POLITICO (Washington) - President Barack Obama only leads a generic Republican candidate by 2 percentage points in a potential 2012 match up, according to a new Gallup Poll out Thursday that also shows a continued drift of independents from Democrats.
Obama leads 44 percent to 42 percent, a statistical dead heat, against a nameless Republican, according to the survey of 1,025 adults nationwide.
Not surprisingly, the poll shows that Democrats strongly believe the president should be reelected, while Republicans would like to see one of their own in the White House.
But among independent voters, 45 percent would back a Republican and only 31 percent would favor the president. Twenty-four percent of independents are not sure if they would vote for Obama or a Republican candidate.
The gap among independents is similar to what Democrats have experienced in the recent statewide races in New Jersey, Virginia and Massachusetts where Republicans were able to win by piecing together a coalition that included people who voted for the president. Obama won independent voters by 8 percentage points in 2008, by a spread of 52 percent to 44 percent, according to network exit polls.
“American voters are at this point about equally divided as to whether they would reelect Obama or the Republican candidate as president,” Gallup pollster Jeffrey Jones wrote in his analysis of the survey. Jones cautioned however that, “the current data updates Obama’s reelection prospects, but generally would not hold much predictive value for the actual election outcome more than two years from now.”
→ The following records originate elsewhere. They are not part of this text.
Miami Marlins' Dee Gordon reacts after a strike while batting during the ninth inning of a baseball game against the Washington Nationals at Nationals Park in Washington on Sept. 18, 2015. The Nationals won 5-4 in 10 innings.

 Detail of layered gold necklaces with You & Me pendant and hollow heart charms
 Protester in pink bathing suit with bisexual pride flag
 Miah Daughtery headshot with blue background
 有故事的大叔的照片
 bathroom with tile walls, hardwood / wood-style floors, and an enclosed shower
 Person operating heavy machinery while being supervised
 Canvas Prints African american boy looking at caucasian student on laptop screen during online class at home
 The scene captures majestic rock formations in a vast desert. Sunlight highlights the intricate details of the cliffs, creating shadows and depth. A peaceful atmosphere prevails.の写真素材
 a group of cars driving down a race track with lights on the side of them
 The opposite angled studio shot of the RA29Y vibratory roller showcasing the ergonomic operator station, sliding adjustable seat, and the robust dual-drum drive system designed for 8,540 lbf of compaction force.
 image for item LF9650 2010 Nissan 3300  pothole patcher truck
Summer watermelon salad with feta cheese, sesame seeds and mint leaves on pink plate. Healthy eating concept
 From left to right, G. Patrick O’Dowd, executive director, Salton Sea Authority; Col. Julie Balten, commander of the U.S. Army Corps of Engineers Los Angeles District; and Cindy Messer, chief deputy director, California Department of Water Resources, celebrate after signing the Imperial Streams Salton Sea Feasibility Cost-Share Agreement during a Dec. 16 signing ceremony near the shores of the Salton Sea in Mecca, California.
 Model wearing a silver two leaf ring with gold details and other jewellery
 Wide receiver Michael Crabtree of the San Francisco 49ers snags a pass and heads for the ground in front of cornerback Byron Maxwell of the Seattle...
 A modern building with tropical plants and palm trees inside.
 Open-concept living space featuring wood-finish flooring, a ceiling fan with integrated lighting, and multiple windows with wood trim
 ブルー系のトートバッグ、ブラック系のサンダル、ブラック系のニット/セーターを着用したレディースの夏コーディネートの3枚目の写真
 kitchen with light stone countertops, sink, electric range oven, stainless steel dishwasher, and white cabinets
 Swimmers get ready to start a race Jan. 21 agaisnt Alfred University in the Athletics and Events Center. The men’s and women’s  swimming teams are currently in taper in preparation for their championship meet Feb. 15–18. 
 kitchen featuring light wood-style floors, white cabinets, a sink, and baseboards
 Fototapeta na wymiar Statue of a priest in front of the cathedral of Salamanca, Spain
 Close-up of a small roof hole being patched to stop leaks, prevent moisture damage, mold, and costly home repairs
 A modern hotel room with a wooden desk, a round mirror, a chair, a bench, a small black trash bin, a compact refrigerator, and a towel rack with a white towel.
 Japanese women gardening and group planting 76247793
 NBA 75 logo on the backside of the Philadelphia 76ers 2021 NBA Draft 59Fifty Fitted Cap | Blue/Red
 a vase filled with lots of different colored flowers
While independents seem to be tempted with the idea of supporting a Republican over Obama, there is little agreement on which of the many potential candidates should be the GOP nominee.
Just among the self-identified Republicans and GOP leaning candidates, only two candidates polled in the double digits when respondents were asked to name who they would like to see as the party’s nominee against Obama.
Former Massachusetts Gov. Mitt Romney led the field with 14 percent, followed by former Alaska Gov. Sarah Palin at 11 percent.
The GOP’s 2008 nominee, Arizona Sen. John McCain, came in third with 7 percent, followed by newly minted Massachusetts Sen. Scott Brown with 4 percent.
Former Arkansas Gov. Mike Huckabee, former House Speaker Newt Gingrich, Texas Rep. Ron Paul, Minnesota Gov. Tim Pawlenty, Virginia Gov. Bob McDonnell, former Tennessee Sen. Fred Thompson and Louisiana Gov. Bobby Jindal were all picked by 3 percentage points or less of those surveyed.
The poll was conducted February 1-3 and has a margin of error of plus or minus 5 percentage points.